Top of Given data

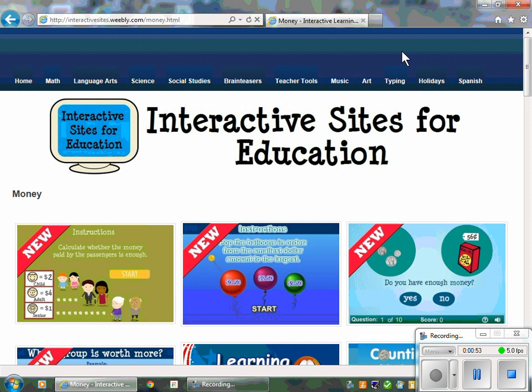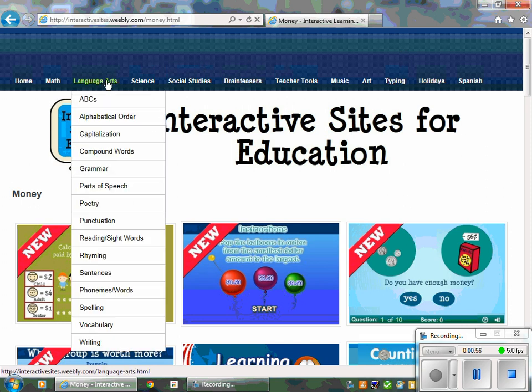You'll notice that at the top you can also access this information through drop-down menus. Enjoy!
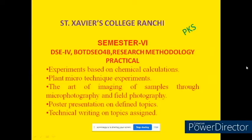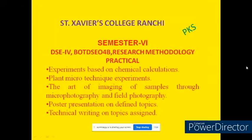In this slide, you can see your practical syllabus. First, experiment based on chemical calculation; plan micro technique experiments; the art of imaging of samples through micro photography and field photography; poster preparation on defined topics; then technical writing on topic assigned, and this you are already doing.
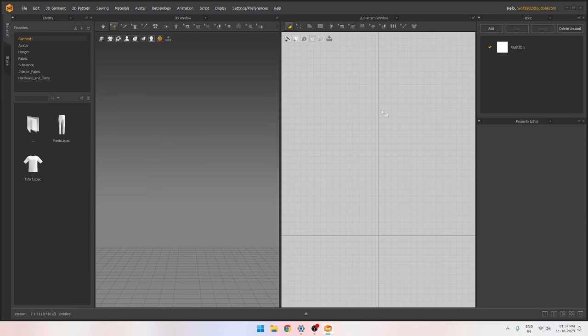Hey guys, welcome back to the channel. My name is Hitesh and I'm back with another video. Today we are going to start our new series on Marvelous Designer, starting from the very basics of this software.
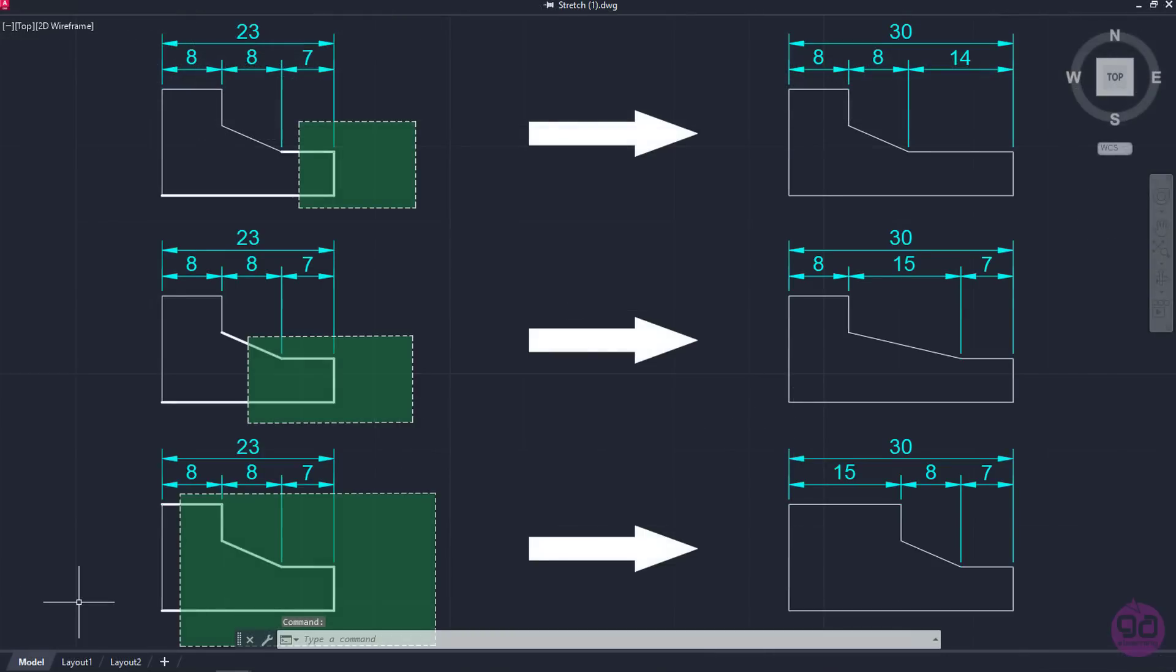At this point, I should mention that when you wish to stretch an object, the extent of the crossing window plays a major role on what part of the shape will be stretched. To get a clearer picture of what I mean, I want you to take a look on the following picture to understand the different results according to the extent of the selection.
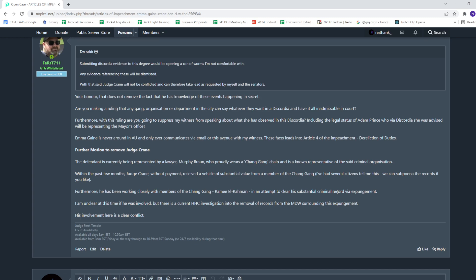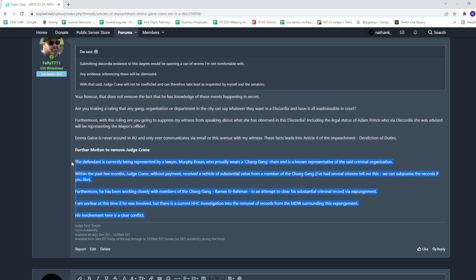So me telling Ramee that he gets no exceptions and he has to do the same process as everyone else. It's unclear this time he was involved. There is a current HHC investigation into the removal of records from the MDW surrounding the expungement.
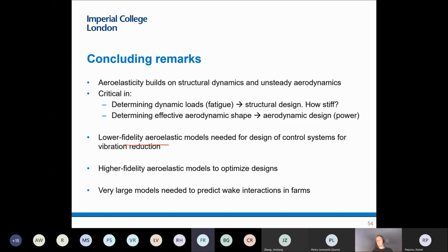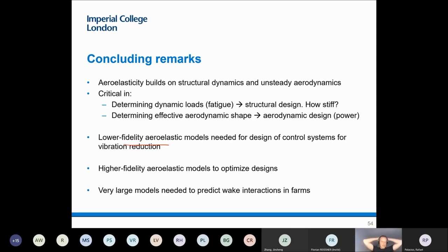A final question asks about active flow control for wind turbine applications. The instructor notes they haven't worked on it directly but are aware of the area. It has been looked at for wind turbine applications for a long time, because it's an aerodynamic flow where you can achieve performance by manipulating flows. But it has the same installation challenge as flaps — systems must be installed on the blades, such as blowing and suction to manipulate the boundary layer, or trailing edge devices. It's a topic still under investigation.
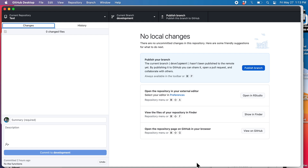I'm going to show you how you can merge changes from main into development, and then merge the changes from development back into main. This is a slightly more difficult and perhaps more realistic example of this process. I'm going to be doing this all in GitHub Desktop again as usual.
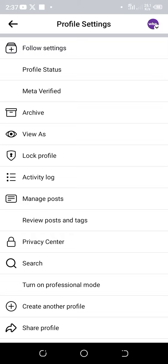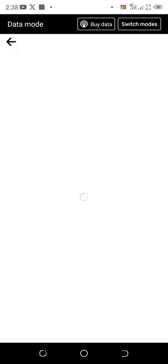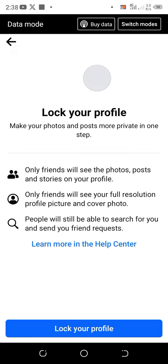Once you click on those three dots, you will see an option called 'Lock Profile.' You can then see the terms and conditions: only your friends will be able to see your photos, posts, and stories on your profile. If you are okay with all the conditions, proceed and click on 'Lock Profile.'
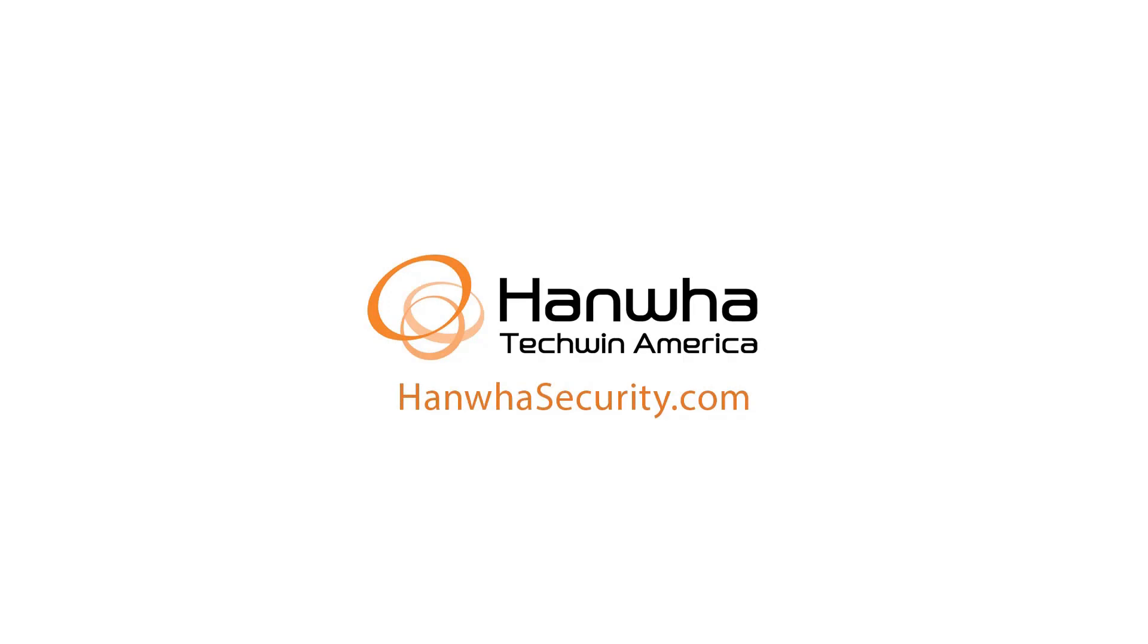To learn more about this and other exciting Hanwha products, subscribe to our YouTube channel or visit us at hanwhasecurity.com.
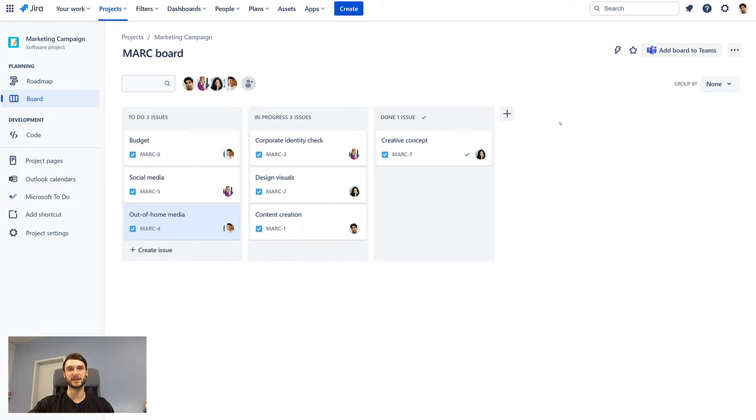Hi, my name is Leon and I'm a software developer at Yasum. Today I'm going to show you our latest feature which allows you to add Jira boards to Teams.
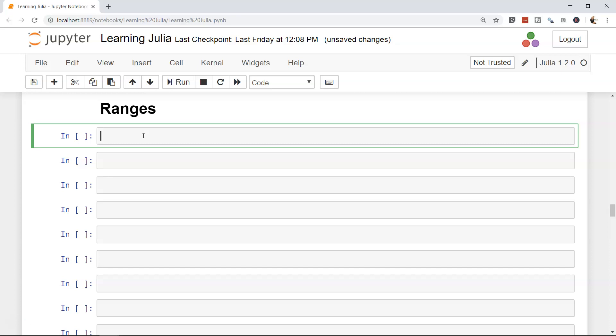Just to produce the numbers that we are looking for. So how do we create ranges? Well, the formula to create a range is collect, and let's say we want to create a range of 1 to 10. Ranges are nothing but your arrays.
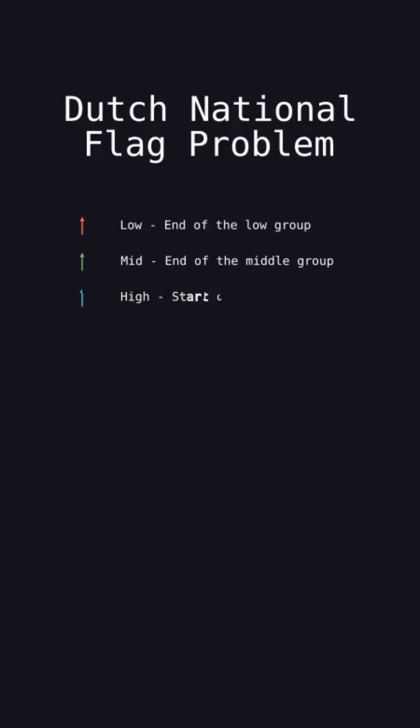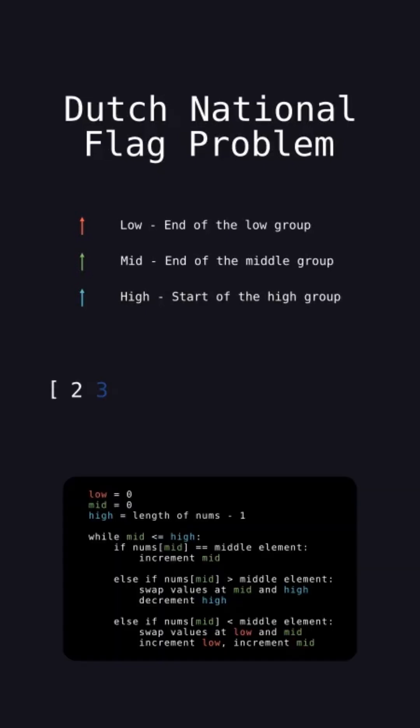Low keeps track of the end of the low group, mid tracks the end of the middle group, and high tracks the start of the high group. Initialize low and mid to point to the first element of the array and high points to the last element.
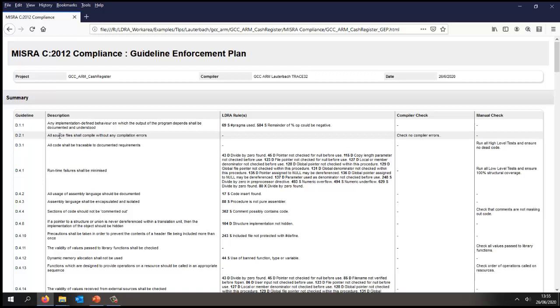Let's start by looking at this one: all source files shall compile without any compilation errors. Well, it's clear that in this particular case we'll simply ensure that when we compile our code we have no compiler errors.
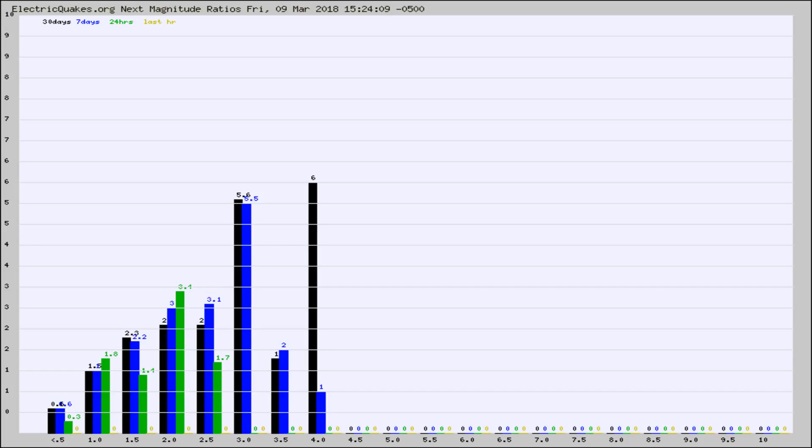Again, the black column is 30 days, blue is 7, green is 24 hours, and gold is in the last hour.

Bottom of Given data

Instructions for the task
Please output the entire listing above verbatim and omit its images.

Output below
You'll notice that at the top you can also access this information through drop-down menus. Enjoy!
In this slide, you can see your practical syllabus. First, experiment based on chemical calculation; plan micro technique experiments; the art of imaging of samples through micro photography and field photography; poster preparation on defined topics; then technical writing on topic assigned, and this you are already doing.
Hey guys, welcome back to the channel. My name is Hitesh and I'm back with another video. Today we are going to start our new series on Marvelous Designer, starting from the very basics of this software.
At this point, I should mention that when you wish to stretch an object, the extent of the crossing window plays a major role on what part of the shape will be stretched. To get a clearer picture of what I mean, I want you to take a look on the following picture to understand the different results according to the extent of the selection.
So me telling Ramee that he gets no exceptions and he has to do the same process as everyone else. It's unclear this time he was involved. There is a current HHC investigation into the removal of records from the MDW surrounding the expungement.
A final question asks about active flow control for wind turbine applications. The instructor notes they haven't worked on it directly but are aware of the area. It has been looked at for wind turbine applications for a long time, because it's an aerodynamic flow where you can achieve performance by manipulating flows. But it has the same installation challenge as flaps — systems must be installed on the blades, such as blowing and suction to manipulate the boundary layer, or trailing edge devices. It's a topic still under investigation.
I'm going to show you how you can merge changes from main into development, and then merge the changes from development back into main. This is a slightly more difficult and perhaps more realistic example of this process. I'm going to be doing this all in GitHub Desktop again as usual.
Once you click on those three dots, you will see an option called 'Lock Profile.' You can then see the terms and conditions: only your friends will be able to see your photos, posts, and stories on your profile. If you are okay with all the conditions, proceed and click on 'Lock Profile.'
To learn more about this and other exciting Hanwha products, subscribe to our YouTube channel or visit us at hanwhasecurity.com.
Hi, my name is Leon and I'm a software developer at Yasum. Today I'm going to show you our latest feature which allows you to add Jira boards to Teams.
Just to produce the numbers that we are looking for. So how do we create ranges? Well, the formula to create a range is collect, and let's say we want to create a range of 1 to 10. Ranges are nothing but your arrays.
Low keeps track of the end of the low group, mid tracks the end of the middle group, and high tracks the start of the high group. Initialize low and mid to point to the first element of the array and high points to the last element.
Let's start by looking at this one: all source files shall compile without any compilation errors. Well, it's clear that in this particular case we'll simply ensure that when we compile our code we have no compiler errors.
Again, the black column is 30 days, blue is 7, green is 24 hours, and gold is in the last hour.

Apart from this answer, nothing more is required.